An epidermal inclusion cyst or EIC is a benign soft tissue cyst derived from implanted epidermal cells into the dermis. A more general term is epidermoid cyst. The classic epidermal inclusion cyst is due to traumatic implantation of epidermal cells with a characteristic pore or punctum. The pore is usually attached and communicates with the cyst forming a cheesy, caseating material that can sometimes be expressed on deep palpation. This material is the result of inflammation in part mediated by the horny material contained in epidermoid cysts which contain polymorphonucleocytes. 
In this case, there was no central pore, which made the diagnosis more difficult. It appears that repetitive tissue trauma and inflammation played an important role in the formation of this cyst. The patient was quit active and involved in many sports that caused repetitive forefoot injury. Other causes of the cyst may include occlusion of the pilosebaceous unit, eccrine duct occlusion, HPV infection or surgical implantation of epidermis. It can also be caused by sequestration of epidermal rests in embryonic life. 
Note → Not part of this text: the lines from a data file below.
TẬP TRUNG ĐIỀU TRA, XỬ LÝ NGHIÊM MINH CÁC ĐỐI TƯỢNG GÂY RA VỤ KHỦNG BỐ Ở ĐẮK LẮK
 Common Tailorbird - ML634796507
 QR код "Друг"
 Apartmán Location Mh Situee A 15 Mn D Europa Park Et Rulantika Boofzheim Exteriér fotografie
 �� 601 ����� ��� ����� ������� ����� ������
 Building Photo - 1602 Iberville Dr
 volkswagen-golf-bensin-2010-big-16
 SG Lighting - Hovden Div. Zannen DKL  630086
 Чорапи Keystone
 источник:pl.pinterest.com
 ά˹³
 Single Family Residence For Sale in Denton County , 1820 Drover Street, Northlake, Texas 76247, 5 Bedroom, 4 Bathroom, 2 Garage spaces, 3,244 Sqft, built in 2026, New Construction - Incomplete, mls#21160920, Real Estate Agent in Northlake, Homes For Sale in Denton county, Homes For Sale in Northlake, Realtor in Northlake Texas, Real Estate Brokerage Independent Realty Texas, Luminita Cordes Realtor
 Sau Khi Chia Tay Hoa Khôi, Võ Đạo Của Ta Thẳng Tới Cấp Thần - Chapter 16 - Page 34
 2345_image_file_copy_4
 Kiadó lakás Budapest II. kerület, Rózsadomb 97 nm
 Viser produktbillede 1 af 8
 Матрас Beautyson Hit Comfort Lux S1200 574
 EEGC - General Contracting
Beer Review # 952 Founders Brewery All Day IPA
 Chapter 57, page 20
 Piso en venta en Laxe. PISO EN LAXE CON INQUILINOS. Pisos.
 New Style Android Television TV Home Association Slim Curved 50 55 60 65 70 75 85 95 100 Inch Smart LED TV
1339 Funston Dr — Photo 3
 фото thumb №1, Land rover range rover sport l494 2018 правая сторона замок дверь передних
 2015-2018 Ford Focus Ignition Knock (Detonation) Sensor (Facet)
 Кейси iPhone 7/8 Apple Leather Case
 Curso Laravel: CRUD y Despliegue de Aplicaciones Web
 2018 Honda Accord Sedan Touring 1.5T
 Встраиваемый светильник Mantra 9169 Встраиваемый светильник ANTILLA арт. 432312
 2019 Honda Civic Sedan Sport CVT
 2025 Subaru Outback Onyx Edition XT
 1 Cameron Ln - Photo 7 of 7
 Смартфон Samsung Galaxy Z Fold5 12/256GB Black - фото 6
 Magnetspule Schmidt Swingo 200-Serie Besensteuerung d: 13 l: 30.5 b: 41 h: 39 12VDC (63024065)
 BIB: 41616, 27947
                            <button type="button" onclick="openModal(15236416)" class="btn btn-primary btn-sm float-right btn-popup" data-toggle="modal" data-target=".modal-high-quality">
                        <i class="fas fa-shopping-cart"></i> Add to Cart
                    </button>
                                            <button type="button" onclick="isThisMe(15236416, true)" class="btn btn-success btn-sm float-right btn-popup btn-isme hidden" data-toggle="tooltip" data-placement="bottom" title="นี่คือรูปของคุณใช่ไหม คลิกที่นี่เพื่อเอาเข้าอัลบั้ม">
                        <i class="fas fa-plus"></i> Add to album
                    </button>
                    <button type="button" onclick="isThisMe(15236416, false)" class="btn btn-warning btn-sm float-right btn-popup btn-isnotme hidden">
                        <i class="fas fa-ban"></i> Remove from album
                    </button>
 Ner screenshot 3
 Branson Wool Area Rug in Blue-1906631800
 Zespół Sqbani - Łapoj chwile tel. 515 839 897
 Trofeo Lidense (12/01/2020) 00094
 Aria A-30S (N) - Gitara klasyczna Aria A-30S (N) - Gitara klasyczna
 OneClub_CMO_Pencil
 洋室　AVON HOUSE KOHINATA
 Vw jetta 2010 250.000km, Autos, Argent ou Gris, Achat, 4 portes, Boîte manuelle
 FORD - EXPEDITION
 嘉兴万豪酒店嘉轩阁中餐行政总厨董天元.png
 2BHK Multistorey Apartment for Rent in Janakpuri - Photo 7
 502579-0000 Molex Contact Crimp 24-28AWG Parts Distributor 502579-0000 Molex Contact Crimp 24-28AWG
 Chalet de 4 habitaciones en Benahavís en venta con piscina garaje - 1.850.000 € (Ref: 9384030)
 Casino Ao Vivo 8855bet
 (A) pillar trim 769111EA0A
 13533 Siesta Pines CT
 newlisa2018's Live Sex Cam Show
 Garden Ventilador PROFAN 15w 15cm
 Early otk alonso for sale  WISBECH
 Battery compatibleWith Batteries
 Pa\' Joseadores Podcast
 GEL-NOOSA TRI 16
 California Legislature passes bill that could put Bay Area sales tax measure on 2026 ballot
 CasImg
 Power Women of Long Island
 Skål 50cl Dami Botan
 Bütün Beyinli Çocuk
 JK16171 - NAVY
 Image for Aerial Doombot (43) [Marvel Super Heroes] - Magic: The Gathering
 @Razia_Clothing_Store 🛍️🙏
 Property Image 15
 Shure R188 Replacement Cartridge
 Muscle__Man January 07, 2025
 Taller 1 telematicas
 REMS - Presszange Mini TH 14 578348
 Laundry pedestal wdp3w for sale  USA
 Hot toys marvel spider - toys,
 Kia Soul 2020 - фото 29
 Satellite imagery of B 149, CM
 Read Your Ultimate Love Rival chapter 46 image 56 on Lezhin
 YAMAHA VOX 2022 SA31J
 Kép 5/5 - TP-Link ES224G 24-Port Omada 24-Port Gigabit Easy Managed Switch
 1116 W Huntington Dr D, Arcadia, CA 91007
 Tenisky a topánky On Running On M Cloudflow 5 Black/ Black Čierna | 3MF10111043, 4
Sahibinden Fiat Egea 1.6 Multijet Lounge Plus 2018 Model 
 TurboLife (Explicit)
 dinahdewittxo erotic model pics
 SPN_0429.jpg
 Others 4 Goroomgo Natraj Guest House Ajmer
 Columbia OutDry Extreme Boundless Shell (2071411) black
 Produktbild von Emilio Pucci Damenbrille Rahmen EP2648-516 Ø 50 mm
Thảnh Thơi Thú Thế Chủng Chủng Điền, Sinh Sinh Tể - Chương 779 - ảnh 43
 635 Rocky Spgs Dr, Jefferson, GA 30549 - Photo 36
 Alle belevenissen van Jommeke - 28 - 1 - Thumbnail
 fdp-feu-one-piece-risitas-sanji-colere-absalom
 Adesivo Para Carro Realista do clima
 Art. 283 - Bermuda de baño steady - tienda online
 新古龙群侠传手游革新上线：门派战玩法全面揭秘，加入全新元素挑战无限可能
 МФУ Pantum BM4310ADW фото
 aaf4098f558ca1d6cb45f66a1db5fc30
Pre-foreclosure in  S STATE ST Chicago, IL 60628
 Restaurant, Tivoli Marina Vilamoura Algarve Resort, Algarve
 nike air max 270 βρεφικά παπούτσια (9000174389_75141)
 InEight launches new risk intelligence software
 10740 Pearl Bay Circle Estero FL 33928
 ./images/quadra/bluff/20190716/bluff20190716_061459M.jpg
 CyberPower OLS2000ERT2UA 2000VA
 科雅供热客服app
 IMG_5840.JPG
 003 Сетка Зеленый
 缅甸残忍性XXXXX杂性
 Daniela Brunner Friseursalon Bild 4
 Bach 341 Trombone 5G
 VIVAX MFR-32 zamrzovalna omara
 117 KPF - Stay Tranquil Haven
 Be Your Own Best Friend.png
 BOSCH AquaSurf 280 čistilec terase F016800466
The histologic findings in all epidermoid cysts are consistent of a keratin-containing cyst concentrically laminated with condensed keratin lined by stratified squamous epithelium.
The choices for this photo quiz included subcutaneous epithelioma, adventitial bursa, ganglion cyst, sebaceous cyst, giant cell tumor, schwannoma and histiocytoma.
Adventitial bursae, ganglion cyst, and shwannoma could be immediately ruled out. These structures do not contain epidermis or keratin histologically. The giant cell tumor can also be ruled out. A giant cell tumor is a tumor of bone caused by the proliferation of multinucleated giant cells. 
Epitheliomas are by definition confined to the epidermis. A common epiethioma is basal cell carcinoma. A ‘subcutaneous’ epithelioma is a rare lesion that usually ulcerates or calcifies within the subcutaneous tissue. A histiocytoma is a common benign skin tumor in young dogs.